The Banga family, led by shipping tycoon Harindarpal Singh Banga (also known as Harry Banga), is planning to sell almost 2% of its ownership in FSN E-Commerce Ventures, the parent company of online beauty and lifestyle retailer Nykaa, in a big move that highlights the importance of early-stage investing. Half of the family’s current share in the business will be transferred as part of the deal, which will be carried out through a block trade.
Credits: Mint
Block Deal Details: 16 Million Shares at a Discount
About 16 million shares would be sold as part of the block deal, according to people familiar with the situation, at a 4-5% discount to Nykaa’s closing share price of ₹211.8 on July 2, 2025. At this price, the sale should bring in about ₹3,220 crore, or about $385 million in today’s currency.

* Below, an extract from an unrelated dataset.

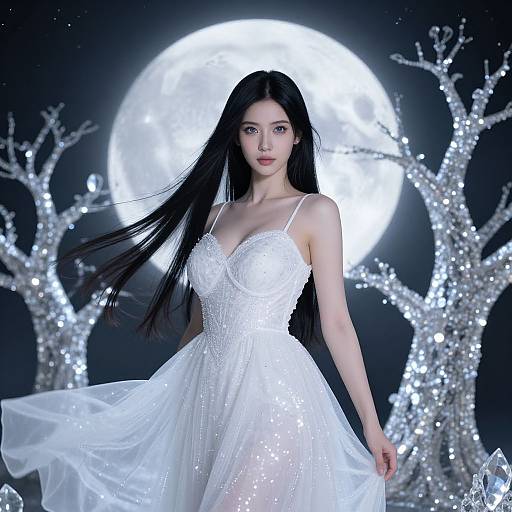 Photograph of an East Asian woman with long black hair in a white, sparkling, spaghetti-strap dress, standing before a glowing full moon and silver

The Banga family, who joined the firm when Nykaa was valued at a meager $20 million, a small portion of its present $700 million market capitalization, nonetheless benefits handsomely from the move despite the discounted pricing typical of huge block trades.
From Early Investor to Strategic Seller
The Banga family has been one of the earliest backers of Nykaa, investing in 2014, long before the company became a household name in beauty and personal care e-commerce. Through their investment firm The Caravel Group, a global conglomerate with interests in maritime services, trading, and asset management, the family initially acquired a 6.4% stake in Nykaa.
Over the years, as Nykaa’s valuation skyrocketed, the Bangas have periodically pared their holdings. In 2024, they sold shares worth ₹809 crore (~$100 million) at ₹198 apiece. The current move follows that trajectory, reducing their stake from over 4% to around 2–2.5%.
Long-Term Value Creation
What makes the Banga family’s journey with Nykaa remarkable is the long-term investment vision. Unlike many early-stage investors who exit at IPO or shortly thereafter, the Bangas have held on through multiple funding rounds, public listing, and post-IPO volatility. Their calculated partial exits over time have allowed them to realize profits while still retaining upside potential.
The upcoming block deal doesn’t mark a complete exit—it signals a measured monetization strategy. As one insider said, “The family will continue to hold the remaining 2–2.5% stake in Nykaa,” reinforcing their belief in the company’s longer-term prospects.
Nykaa’s Evolution: From Startup to Public Company
Founded by Falguni Nayar in 2012, Nykaa quickly carved out a niche in India’s beauty and personal care segment. By leveraging a curated online platform, influencer marketing, and later offline expansion, the company became a category leader and listed on the Indian stock exchanges in 2021 to great fanfare.
However, like many tech IPOs, Nykaa’s valuation witnessed fluctuations post-listing. Yet it continues to be a dominant player in its segment, with growing categories like fashion, skincare, and wellness adding to its portfolio.
Market Reaction and Industry Context
While Nykaa declined to comment on the deal, market observers believe such moves are healthy signs of mature capital cycles in Indian startups. The participation of global business families like the Bangas adds to the narrative that India’s consumer internet sector can generate real returns over a long horizon.
With more early-stage investors expected to rebalance their portfolios in FY26, Nykaa’s latest block deal could signal the beginning of another churn in India’s startup equity landscape, especially among legacy backers.
Credits: Moneycontrol
Conclusion: A Case Study in Patient Capital
The Banga family’s planned partial exit is not just a liquidity event—it’s a case study in patient, strategic investing. From betting on a little-known startup in 2014 to extracting multi-crore gains in 2025, the journey mirrors the evolution of India’s startup ecosystem.
In the fast-changing world of digital commerce, Nykaa continues to evolve—and so do its investors.